Thursday 2 May, 7.00am
The government's popularity falls to its lowest this year, there's good news for the SNP and odds indicate the Lib Dem leadership is a foregone conclusion reports Max Liu...
"Bettors are confident there’ll be no referendum on Scottish independence before 2025 – making it [1.95] – even though a poll this week projected an exact reversal of the outcome of the 2014 vote."
Nobody likes us and we don't care - until election time. Is that the Tories' mantra? You might think so after polling this week showed public approval for the government at its lowest level this year while on the Exchange the Conservatives stayed odds-on to win the next general election.
Polling conducted by YouGov, at the beginning of this week at the height of the A level fiasco, showed 49% disapproved of the government and only 29% approved - a steeping dropping off from their all-time high of 66% approval in April at the height of the pandemic in the UK.
Among Exchange bettors, however, there appears to be the belief that the Conservatives can survive such fluctuations in their popularity and they're [1.82] to take the most seats next time Britons go to the polls, although the chances of them winning another majority are rated only 32% at odds of [3.15].
But the latter price starts to look appealing when you consider that, on the eve of last year's general election, public approval for Boris Johnson's government stood at 27%. That didn't stop them winning the Conservatives biggest majority since 1987. Baffling, I know.
Perhaps this faith in the Tories' electability, against a Labour opposition that is yet to set out its alternatives, is why member of the current government don't resign. Labour haven't even called for the Education Secretary Gavin Williamson to lose his job, even though polling by the same firm showed 40% wanted him to go and just 21 per cent wanted him to stay.
On whether Gavin Williamson should resign as Education Secretary:? Britain Elects (@britainelects) August 22, 2020
via @YouGov, 17 Aug
This is 1pt above the noumber that wanted Robert Jenrick to go, but 19pts below those which said the same for Dominic Cummings.
Read more: https://t.co/SObwJg5cbY pic.twitter.com/WFf7On0OQz
Earlier this year, when housing secretary Robert Jenrick was embroiled in a scandal, 39% thought he should resign (he stayed), while 59% wanted Boris Johnson's chief adviser Dominic Cummings to resign after he broke lockdown rules in May (he stayed).
Government to extend vote rights at IndyRef2?
Bettors are confident there'll be no referendum on Scottish independence before 2025 - making it [1.95] - even though a poll this week projected an exact reversal of the outcome of the 2014 vote.

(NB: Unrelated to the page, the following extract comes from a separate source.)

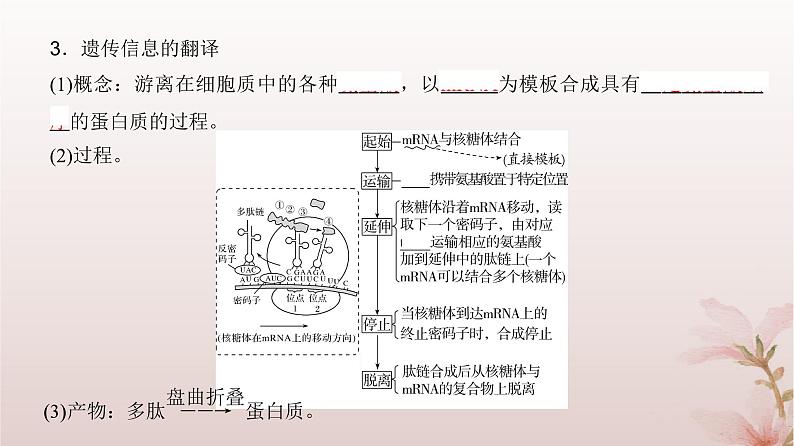 2024届高考生物一轮总复习第六单元遗传的分子基础第18讲基因的表达课件第6页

Support for Scottish independence grows even further to 55% in new poll, flipping the exact result 6 years ago. With the Tories, Boris & Brexit support will go higher & higher. pic.twitter.com/JqboQyXGKG? Michael Gray (@GrayInGlasgow) August 19, 2020
The poll, which was commissioned for Panelbase by a pro-independence business group, was hailed by some independence supporters as a turning point for their campaign. The SNP will aim to consolidate their power at next year's Scottish Parliament elections for which some polls show them winning a record number of MSPs.
At the same time as the poll appeared, however, the Scottish former-MP George Galloway - once of Labour then of the Respect Party and a stint on Celebrity Big Brother - called for voting rights in a future referendum to be extended to Scots living elsewhere in the UK - an idea for which he found an unlikely ally:
Interesting question https://t.co/jJnxe4fyAr? Michael Gove (@michaelgove) August 19, 2020
That a UK government minister as senior as Gove even responded to the suggestion lead to speculation that another referendum might not be as unlikely as the Exchange odds indicated.
On Sports book, meanwhile, Scots are 50/50 to choose independence if and when they next vote on the matter.
Davey firm favourite to be permanent Lib Dem leader
This Thursday will see the conclusion of a contest that feels like it's dragged on for even longer than the football season: we will finally learn the identity of the next Liberal Democrat leader.
The Lib Dems began the search for a new leader after former-leader Jo Swinson lost her seat at the 2019 general election. The party won only 11 MPs.
At the time, Layla Moran, who only became an MP in 2017, was regarded as the candidate who could take the party forward with fresh ideas and help it put its time in coalition with the Tories firmly in the past.
As the contest nears its conclusion, however, Moran has drifted to [5.1] to win with Ed Davey [1.22], who's been standing in as interim leader, the firm favourite to get the job permanently.